— Input data —
=======
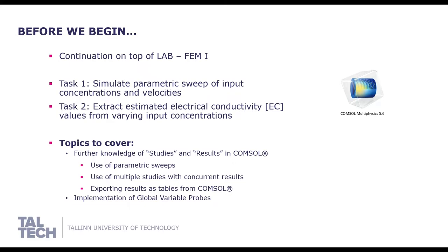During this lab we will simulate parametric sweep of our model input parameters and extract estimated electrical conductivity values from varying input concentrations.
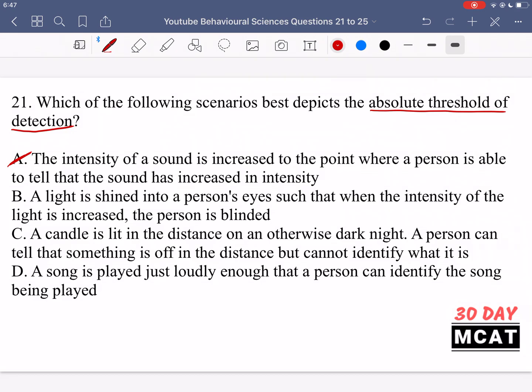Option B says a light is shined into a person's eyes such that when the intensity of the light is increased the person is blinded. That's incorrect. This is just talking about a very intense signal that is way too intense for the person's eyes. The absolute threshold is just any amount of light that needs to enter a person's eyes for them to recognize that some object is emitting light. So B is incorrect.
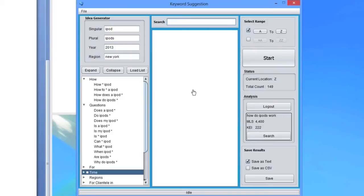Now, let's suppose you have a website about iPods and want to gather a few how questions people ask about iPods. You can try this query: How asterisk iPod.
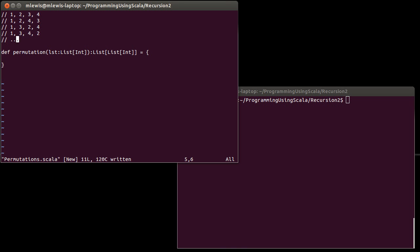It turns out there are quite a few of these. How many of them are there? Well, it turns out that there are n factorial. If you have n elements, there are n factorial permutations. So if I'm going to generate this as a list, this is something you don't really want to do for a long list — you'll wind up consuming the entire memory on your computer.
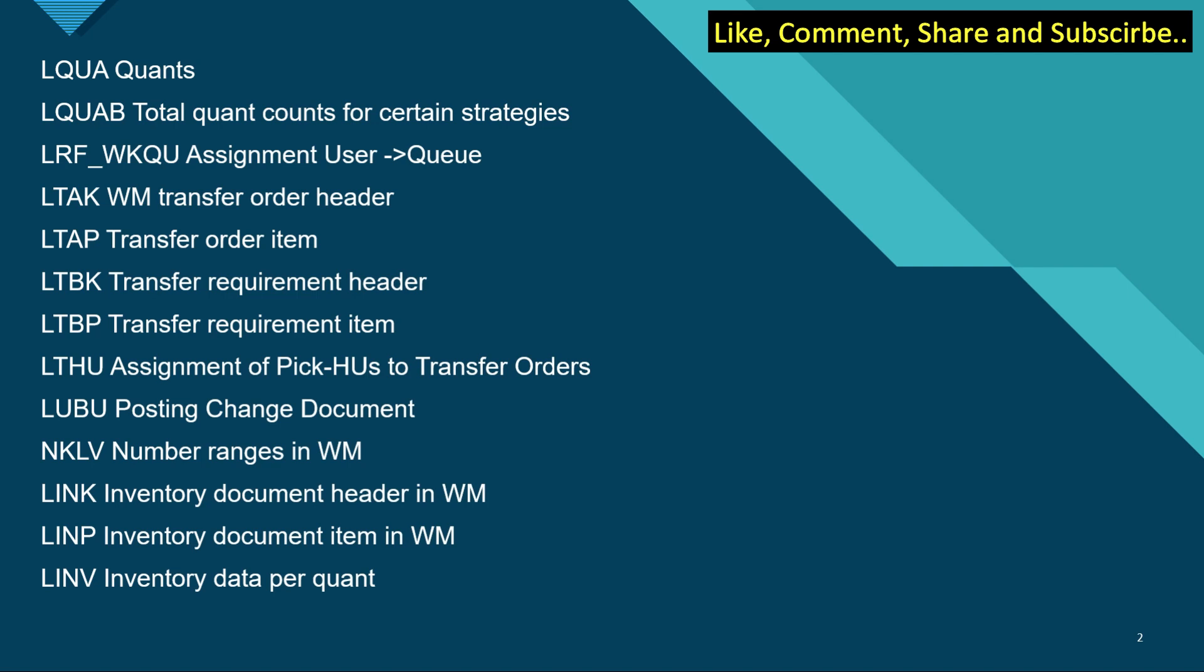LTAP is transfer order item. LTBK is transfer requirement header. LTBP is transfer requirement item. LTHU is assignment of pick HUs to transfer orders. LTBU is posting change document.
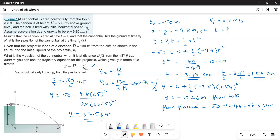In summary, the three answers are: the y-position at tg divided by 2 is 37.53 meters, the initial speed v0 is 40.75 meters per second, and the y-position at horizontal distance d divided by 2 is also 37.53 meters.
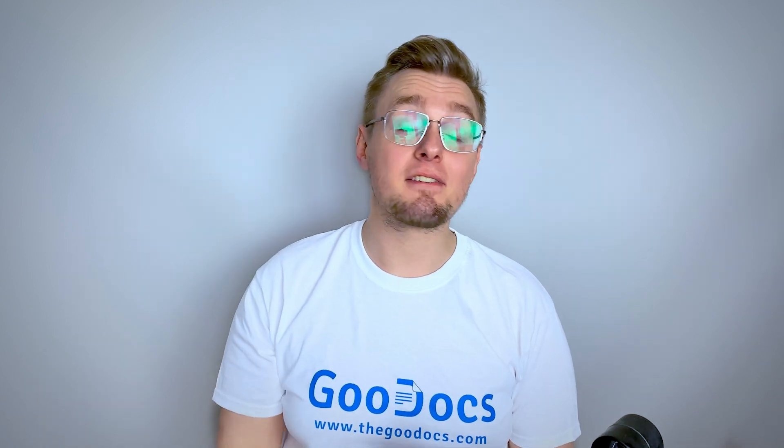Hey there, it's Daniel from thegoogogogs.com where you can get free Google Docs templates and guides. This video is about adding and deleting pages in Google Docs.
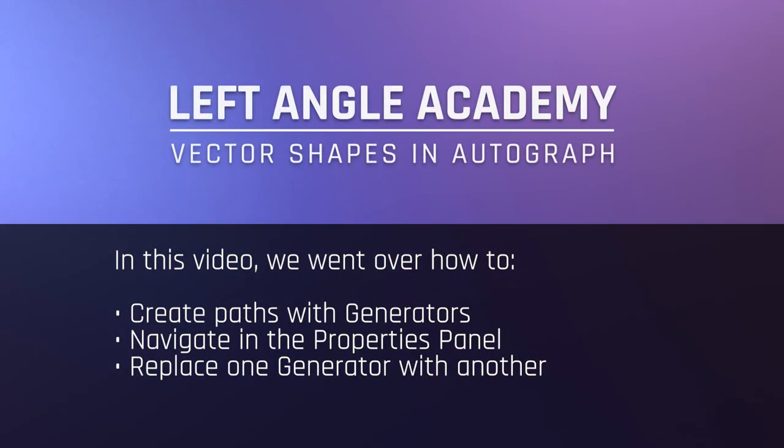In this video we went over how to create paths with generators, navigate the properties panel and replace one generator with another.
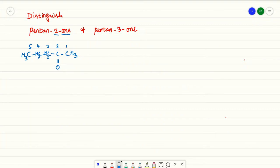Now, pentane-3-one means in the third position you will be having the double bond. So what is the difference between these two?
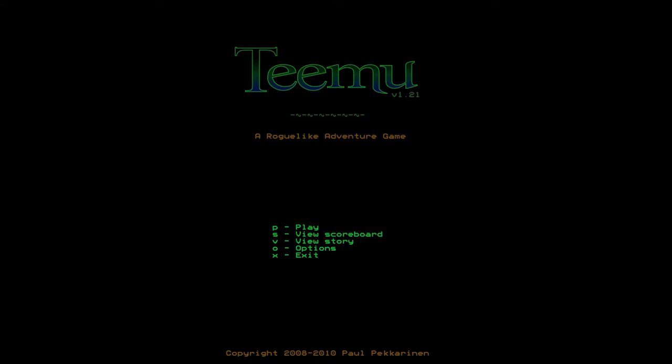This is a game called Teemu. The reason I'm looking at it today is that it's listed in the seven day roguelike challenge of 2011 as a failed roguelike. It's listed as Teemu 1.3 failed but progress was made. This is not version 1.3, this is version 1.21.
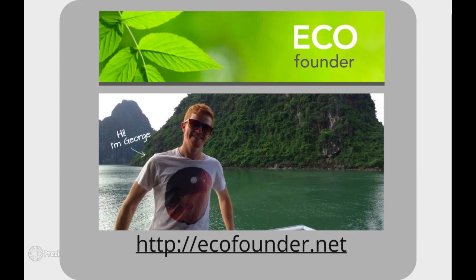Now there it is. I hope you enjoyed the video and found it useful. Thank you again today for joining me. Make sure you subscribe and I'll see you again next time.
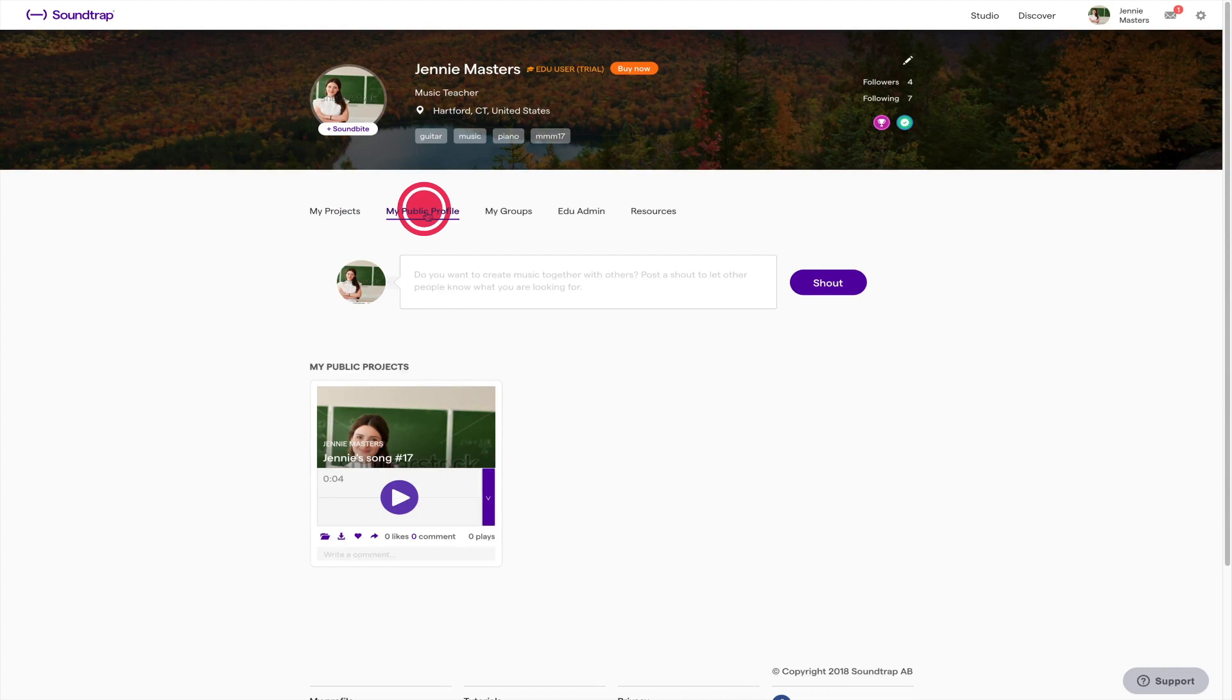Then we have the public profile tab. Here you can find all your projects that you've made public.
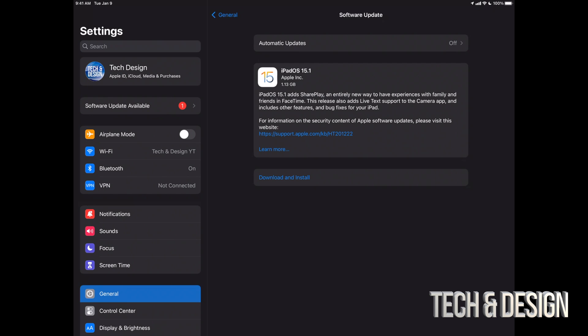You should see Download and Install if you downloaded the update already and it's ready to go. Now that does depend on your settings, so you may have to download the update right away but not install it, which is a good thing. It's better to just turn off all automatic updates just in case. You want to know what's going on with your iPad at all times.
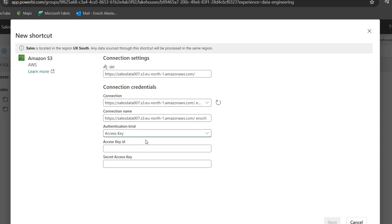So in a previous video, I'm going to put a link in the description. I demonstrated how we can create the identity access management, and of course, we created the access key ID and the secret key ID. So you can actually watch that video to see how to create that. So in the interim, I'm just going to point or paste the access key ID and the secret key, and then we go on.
=======
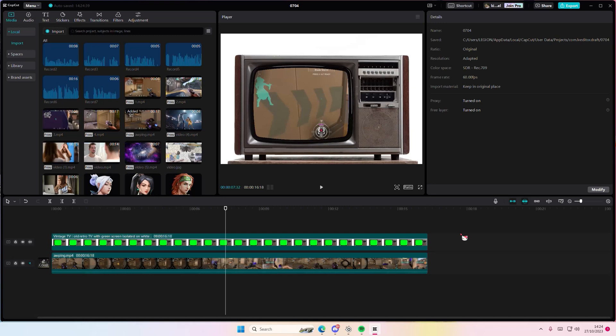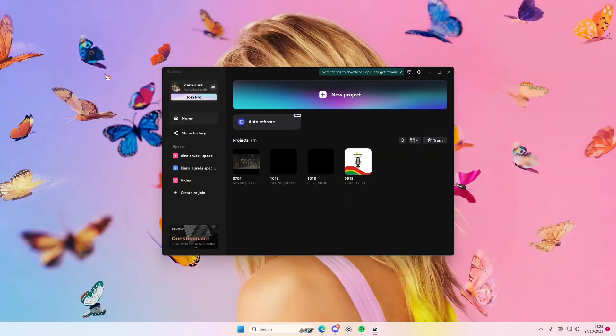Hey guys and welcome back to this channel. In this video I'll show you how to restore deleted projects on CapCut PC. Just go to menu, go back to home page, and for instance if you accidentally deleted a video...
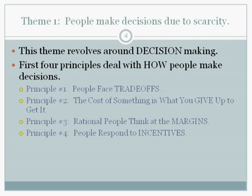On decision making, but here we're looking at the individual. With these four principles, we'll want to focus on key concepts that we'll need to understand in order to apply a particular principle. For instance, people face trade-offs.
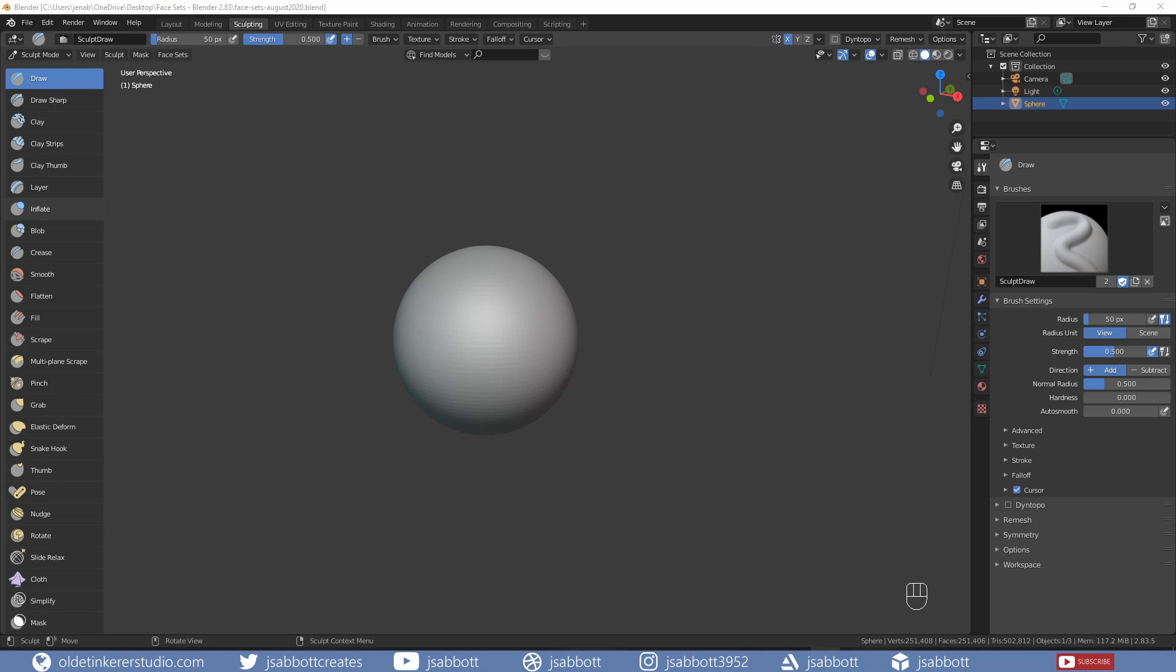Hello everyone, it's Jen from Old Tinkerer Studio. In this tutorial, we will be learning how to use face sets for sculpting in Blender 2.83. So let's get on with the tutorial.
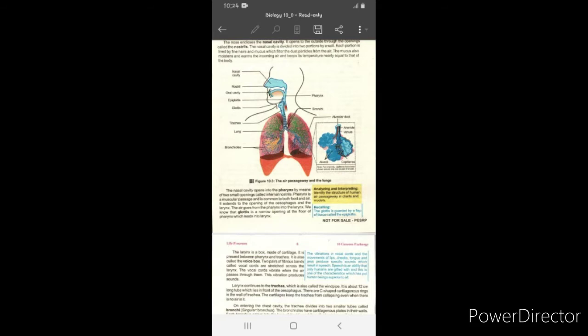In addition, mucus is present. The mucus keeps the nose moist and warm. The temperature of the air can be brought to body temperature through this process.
=======
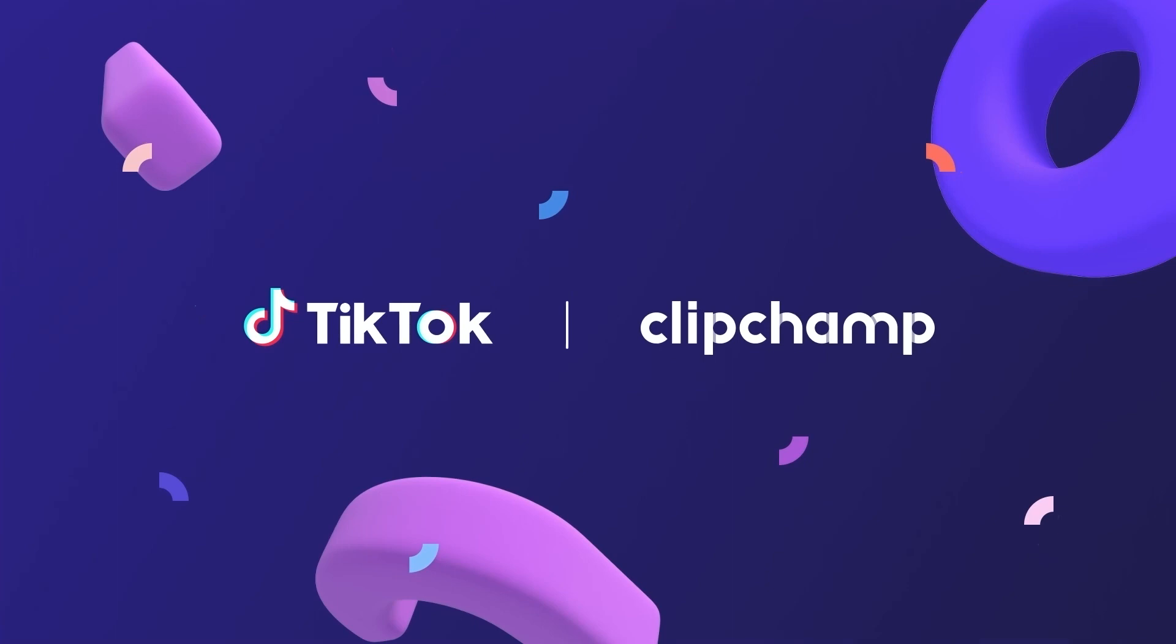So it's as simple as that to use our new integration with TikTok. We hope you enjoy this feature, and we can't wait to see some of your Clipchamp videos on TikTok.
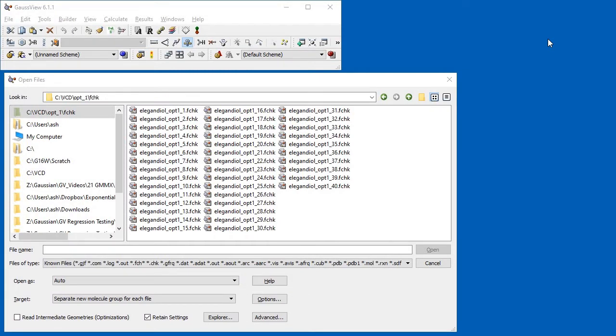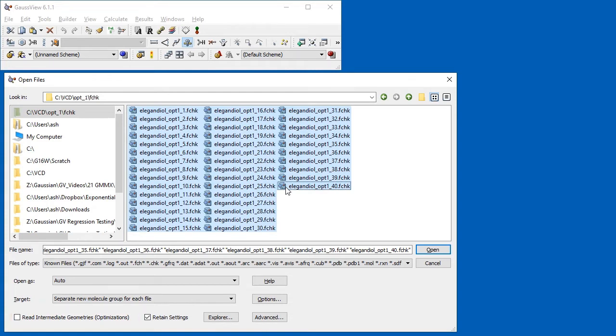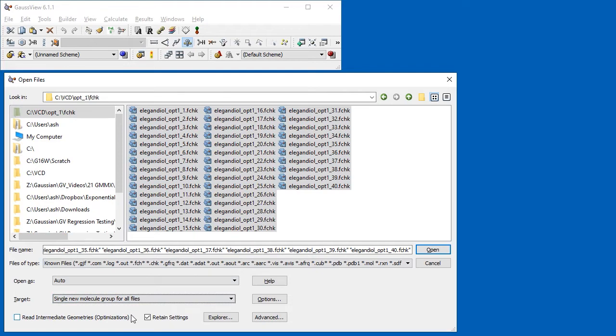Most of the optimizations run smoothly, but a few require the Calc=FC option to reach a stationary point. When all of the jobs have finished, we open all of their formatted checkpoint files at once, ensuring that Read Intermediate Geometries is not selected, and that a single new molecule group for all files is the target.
=======
— Problem to solve —
From the records above, extract the lines from the one holding "In this video we" through the one holding "Now, pentane-3-one means", word for word; omit the pictures.

— Completed task —
In this video we went over how to create paths with generators, navigate the properties panel and replace one generator with another.
Now, pentane-3-one means in the third position you will be having the double bond. So what is the difference between these two?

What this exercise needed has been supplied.